A string is stretched between two rigid supports separated by 75 cm. There are no resonant frequencies between 420 Hz and 315 Hz. The lowest resonant frequency for the string is

• A. 210 Hz
• B. 180 Hz
• C. 105 Hz
• D. 1050 Hz

Hint:

Physics Tip: For any system with equally spaced resonant frequencies, the fundamental frequency is simply the difference between any two consecutive resonant frequencies: $420 - 315 = 105$ Hz.

Answer 1

The Correct Option is C

Concept: Physics (Oscillations and Waves) - Resonant Frequencies of a Stretched String.

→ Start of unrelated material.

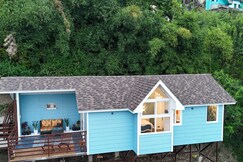 Mountain Mama Resorts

Step 1: Identify the nature of the given frequencies. Since there is no resonant frequency between 315 Hz and 420 Hz, these must be consecutive harmonics. Let 315 Hz be the $n^{th}$ harmonic and 420 Hz be the $(n+1)^{th}$ harmonic.

Step 2: Set up the ratio for consecutive harmonics. The frequency of the $n^{th}$ harmonic is given by $\nu_n = n \cdot \nu_0$, where $\nu_0$ is the fundamental (lowest) frequency. $$ \frac{315}{420} = \frac{n}{n+1} \text{} $$

Step 3: Solve for $n$. $$ 315(n+1) = 420n \text{} $$ $$ 315n + 315 = 420n \text{} $$ $$ 105n = 315 \implies n = 3 \text} $$

Step 4: Calculate the fundamental frequency. The lowest resonant frequency $\nu_0$ is: $$ \nu_0 = \frac{\nu_n}{n} = \frac{315}{3} = 105 \text{ Hz } $$ $$ \therefore \text{The lowest resonant frequency is 105 Hz.} \text{} $$